AndersAllegra : As a new coordinator of the EASA Network on the anthropology of law and rights, can you explain to us the main purposes of the network and tell us a little bit more about its history? Who were the network’s founding members ? When was it created ?

Gerhard Anders : I am thrilled to serve as the new convenor of the EASA network on the anthropology of law and rights.

I think John Comaroff was spot on a few years back when he observed that legal anthropology has been experiencing a ‘welcome, exciting renaissance’.

Mainly because of the rise of human rights discourse and the expansion of anthropology into new fields the anthropological study of law has broken out of the confines of a ‘sub-discipline’ and returned to the centre of the discipline, a place it occupied at the time when social and cultural anthropology became established as academic disciplines at the beginning of the 20th century.

The network was established at the EASA conference in Ljubljana in 2008. Among the founding members were Franz and Keebet von Benda-Beckmann, Bertram Turner, Reeta Toivanen and Susanne Brandstetter.

The main purpose of the network is to serve as platform for the exchange of ideas and information between EASA members who are interested in legal anthropology and rights discourses.

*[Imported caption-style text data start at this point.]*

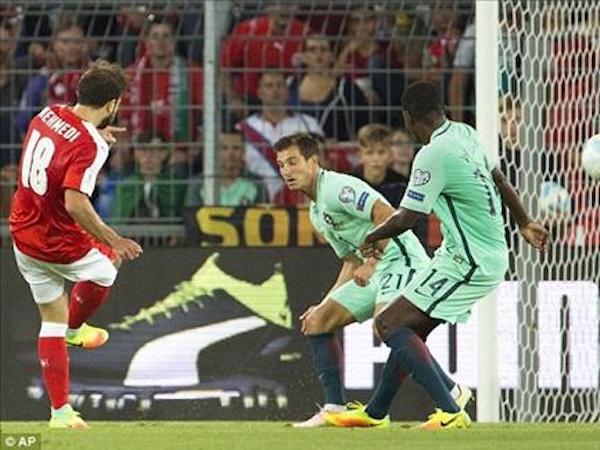 Ảnh bìa bài viết 488458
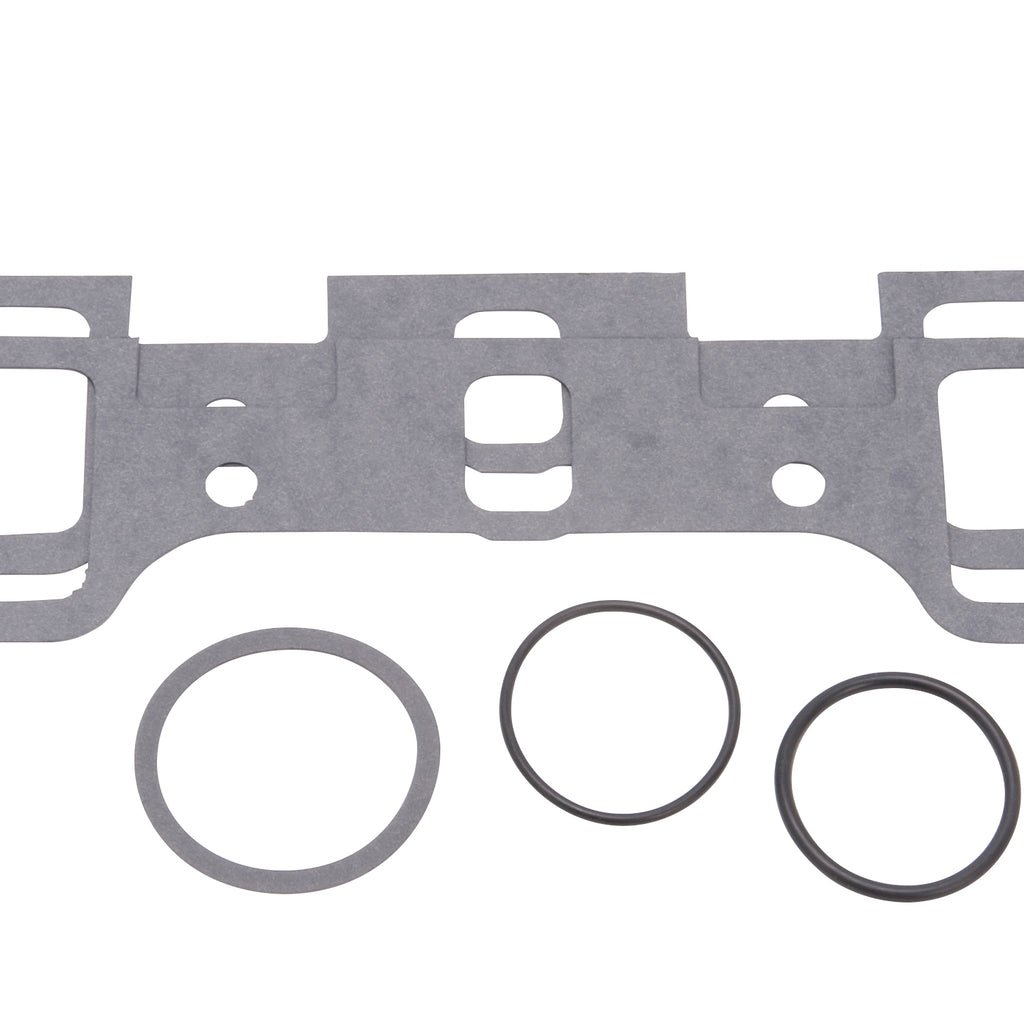 Edelbrock 7225 1958-79 for Select Chrysler 300, Chrysler Cordoba, Chrysler Imperial, Chrysler New Yorker, Chrysler Newport, Chrysler Saratoga, Chrysler Town & Country, Chrysler Windsor
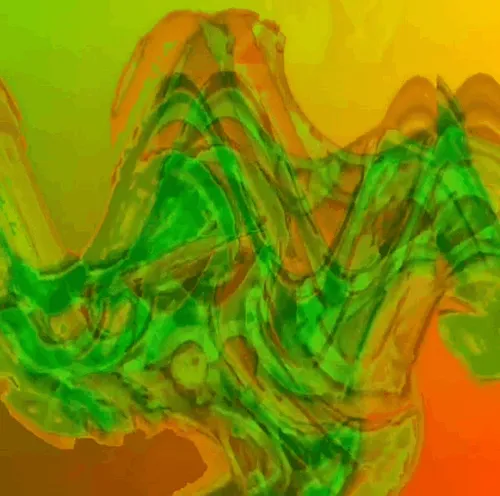 Item #74953640402688146533927773716633096289566749775242455790926824856188520235009 Media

It covers a wide range of subjects including human rights discourse, indigenous rights in the context of international law, asylum and refugee law as well as contemporary technologies of government and management. The EASA network entertains close ties with the Commission of Legal Pluralism, a section of the International Union for Anthropological and Ethnological Sciences (IUAES).

In the future, we could discuss cross-listed workshops and other events, bringing together anthropologists, lawyers, academics, policymakers and activists of various stripes.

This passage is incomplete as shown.